Innovative solutions to the challenges facing women

The 2025 Inception Meeting, hosted under the theme: “Women in Solidarity”, marks 10 years of W20.

The meeting brings together over 100 global delegates representing government, business, academia, and civil society.

The two-day Inception Meeting, which started on Wednesday, convenes thought leaders, including policymakers and change-makers from across the globe to explore high-level interventions and innovative solutions to the challenges facing women today.

In her address, Chikunga said the gathering is not an endpoint, but a beginning of a call to mobilise transformative change for women around the world.

She said the region stands at a pivotal moment, where the African continent has the opportunity to shape the course of global recovery, and where the Global South can reimagine the social contract.
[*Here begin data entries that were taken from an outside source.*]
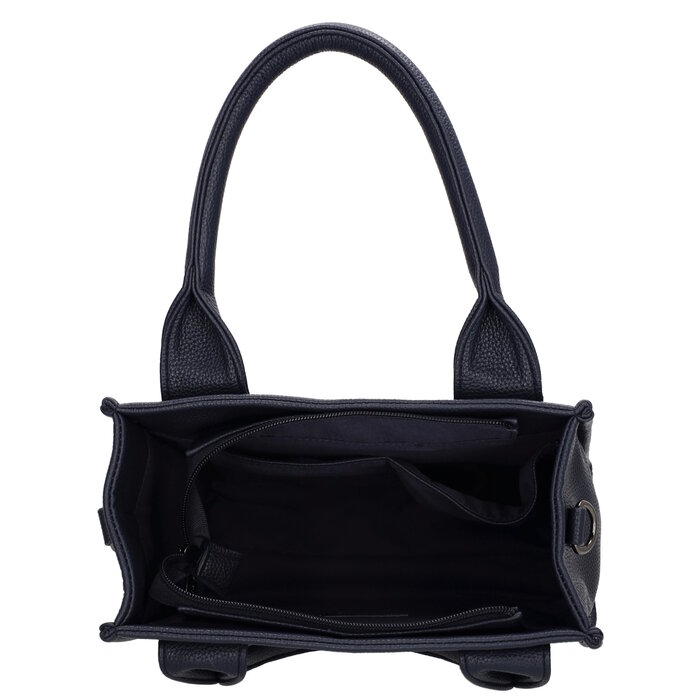 Charm London Charm London Bond Handtas-schoudertas blauw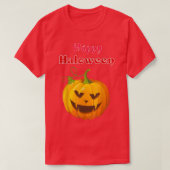 Happy haloween t-shirt (Design voorkant)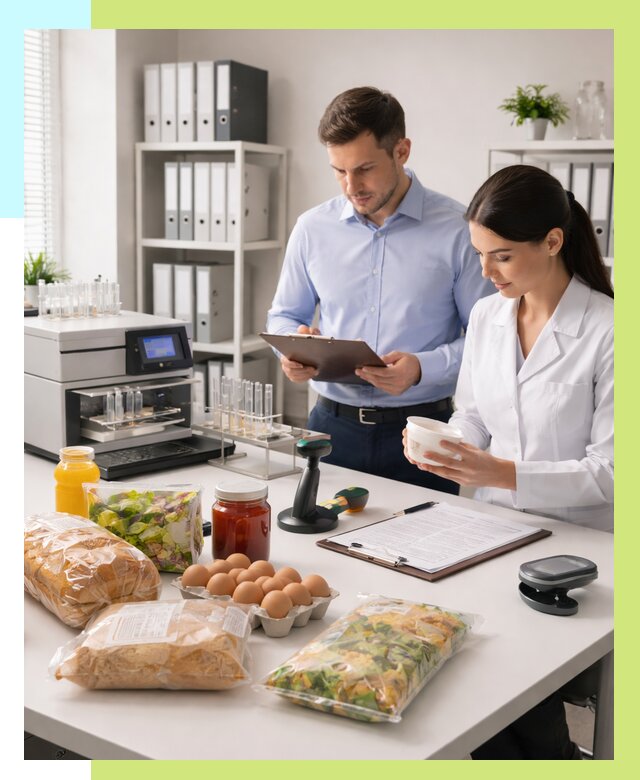 Сертификация продуктов питания в Дальнегорске от 20608 р. | Алешин-Дль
“We stand at a pivotal moment, where we can prove that leadership from our regions is not only possible – it is indispensable. Let us leave this space with a shared resolve: to structure women’s voices into the heart of public policy, budgets, institutions, and outcomes,” the Minister said.

Invoked the legacy

Chikunga invoked the legacy of South African heroines, like Charlotte Maxeke, Ruth Mompati, and Albertina Sisulu, saying their fight for freedom serves as a reminder that “freedom without equality is fiction.”

As part of Chairship of the G20 Empowerment of Women Working Group, Chikunga said South Africa has conceptualised several empowerment programmes intended to advance, through sustained partnerships, and beyond G20 term.
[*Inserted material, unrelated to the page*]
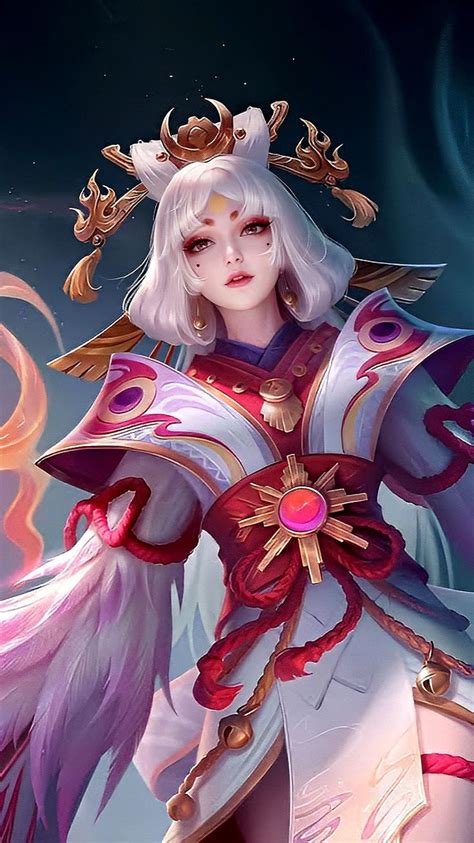 Lunox Divine Goddess ULTRA HD Wallpaper | Mobile Legends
These include the transformative emerging industrialists accelerator, and the disability Inclusion Initiative (DII).

The transformative emerging industrialists accelerator is designed to support emerging women entrepreneurs in priority sectors such as energy, maritime, defence and aerospace, platform economies, and agriculture.

Participants will receive end-to-end support, from ideation and product development to financing, market access, and commercialisation, in collaboration with SOEs [State Owned Entities], private companies, and industry associations.

The DII is South Africa’s flagship programme to embed disability rights and inclusion across policy, institutions, and society.

Anchored by the establishment of a Disability Inclusion Nerve Centre, the DII initiative will drive:

•    Research on inclusion across the care economy, AI, financial access, and climate adaptation;
•    The establishment of a National Disability Data Observatory to strengthen decision-making;
•    Development of early childhood disability screening protocols;
•    Capacity-building through disability focal points; and
•    Support for inclusive schooling and access-enhancing technologies.

“These are not once-off initiatives. They are long-term structural interventions designed to outlive the Presidency,” Chikunga said.

Addressing systemic gaps

Highlighting the importance of data in informing inclusive policy, Chikunga said the country is stands ready to engage the private sector, development partners, and multilateral institutions to take them forward.

“Our observatory will not only collect data, but it will also shape decision making, drive accountability, and support delivery,” the Minister said.

She noted the findings from the Human Sciences Research Council, which showed that women with disabilities remain among the most marginalised and invisible in society, despite facing disproportionate levels of violence and exclusion.

“That is not just a gap. It is a systemic failure.”